One embodiment of the invention will be explained hereinafter with reference to FIGS. 1 and 2. FIG. 1 illustrates in a perspective view a press-in contact 1 according to the invention and another press-in contact according to the invention fitted in a through-hole 3 of a printed circuit board 2 by press-fitting. FIG. 2A shows the positional relation between the cross-section of the press-fitting portion 4 of the press-in contact 1 according to the invention and the through-hole 3 of the printed circuit board 2. FIG. 2B illustrates in cross-section the press-fitting portion 4 of the press-in contact 1 according to the invention which has been fitted in the through-hole 3 of the printed circuit board 2 by press-fitting. Preferred materials of the press-in contact 1 include copper alloys such as phosphor bronze, beryllium copper and the like having a springiness similar to those of the prior art.

The press-in contact 1 according to the invention mainly consists of a connection portion 5, a press-fitting portion 4 and a contact portion 6, these portions being arranged normally in this order. In this embodiment, the press-in contact 1 is provided with a positioning portion 7 between the connection portion 5 and the press-fitting portion 4.

The construction and function of the respective portions of the press-in contact 1 according to the invention will be explained hereinafter.
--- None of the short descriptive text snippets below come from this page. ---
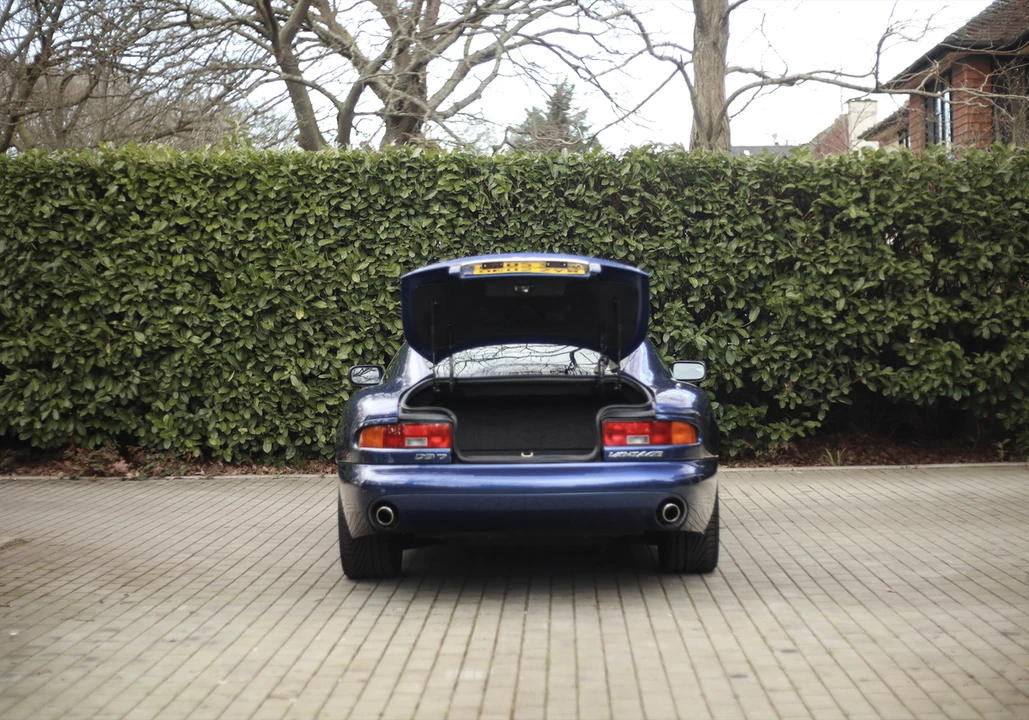 2002 Aston Martin DB7 Vantage - Image 12 of 30
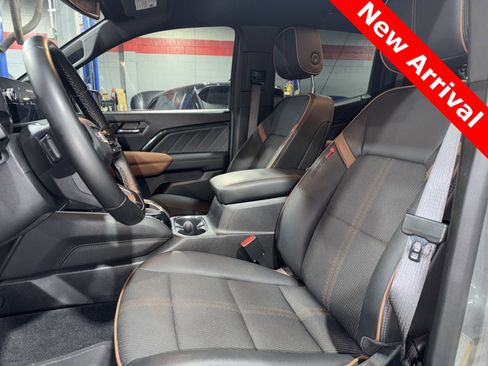 Used 2024 GMC Canyon AT4 w/ Technology Package image 5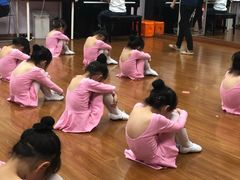 -小荧星艺校(大宁分校)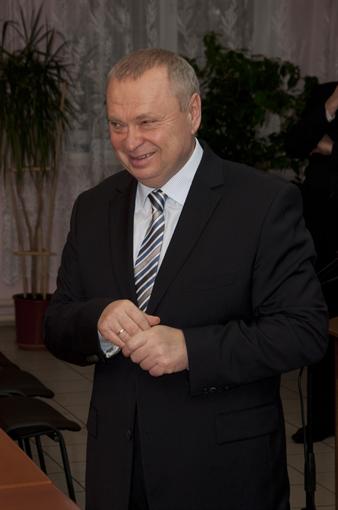 Александр Пеклушенко, как губернатор, получает 5600 гривен, а как народный депутат - порядка 15 000.
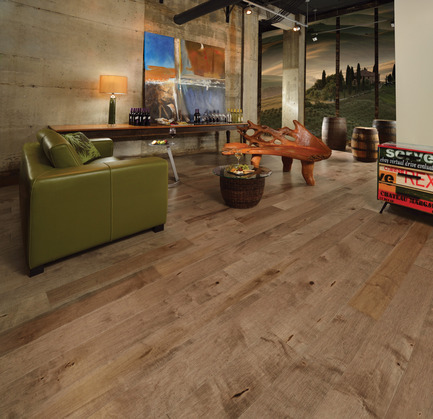 Press kit | 1639-02 - Press release | The Imagine Collection from Mirage: designed to help hiding the marks and scuff of daily use - Mirage Hardwood Floors - Residential Interior Design - Old Maple Linen, Cork Look<br> - Photo credit: Mirage Hardwood Floors<br>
First, the connection portion 5 serves to connect the press-in contact 1 to an electric cable, a circuit of a board or the like (not shown). In this illustrated embodiment, the connection portion 5 is substantially in the form of a prism whose one side in cross-section is 0.64 mm and whose length is of the order of 15.5 mm.
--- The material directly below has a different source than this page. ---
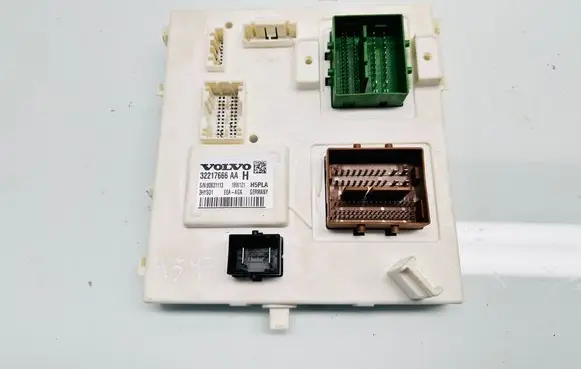 Volvo V90 Cross Country Comfort/convenience module 2014DJ5457 80831113 32217666AA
The positioning portion 7 includes a surface adapted to contact a jig (not shown) when the press-in contact 1 is being fitted into the through-hole of a printed circuit board by press-fitting, and a surface adapted to abut against the surface of the printed circuit board 2 when the press-in contact has been fitted in the through-hole of the printed circuit board 2 by press-fitting.

The contact portion 6 of the press-in contact 1 is adapted to contact the contact portion of a contact of a mating connector (not shown) when the press-in contact press-fitted in the through-hole 3 of the printed circuit board has been connected to the mating connector. The contact portion 6 of the press-in contact 1 in the illustrated embodiment has a width of the order of 0.4 mm, a thickness of 0.4 mm and a length of 8.1 mm. The contact portion 6 in the shown embodiment has a particular cross-section obtained by cutting a circle by two parallel straight lines, that is to say, the cross-section having four sides of which opposite two sides are straight lines parallel to each other and the remaining opposite sides are arcs. However, other cross-sections may be used, for example, a circular or rectangular cross-section.

The press-fitting portion 4 of the press-in contact 1 according to the invention has a substantially U-shaped cross-section as shown in FIG. 2, whose inner periphery forms a U-shaped groove 8. A protrusion or ridge 9 is provided at the center of the bottom of the U-shaped groove 8 over its full length so as to project toward the open end of the U-shaped groove 8. The outer periphery of the U-shaped groove 8 consists of two arc portions 10 and a straight portion 11 therebetween. The two arc portions 10 are adapted to contact the inner surface of a through-hole of the printed circuit board.

In the illustrated embodiment, a circle inscribing the inner periphery and a circle circumscribing the outer periphery of the U-shaped groove 8 are in an eccentric relation, whose centers are shifted to each other of the order of 0.07 to 0.1 mm in the direction perpendicular to the bottom of the U-shaped groove 8. When the press-fitting portion 4 of the press-in contact 1 has been press-fitted in the though-hole 3 of the printed circuit board 2, however, the arc portions 10 of the press-fitting portion 4, or a circle circumscribing the forcedly deformed arc portions is of course concentric to the through-hole 3. The nearer to the open end of the U-shaped groove 8, the thinner are the walls forming the U-shaped groove of the press-fitting portion 4 in the cross-section as shown in FIGS. 2A and 2B.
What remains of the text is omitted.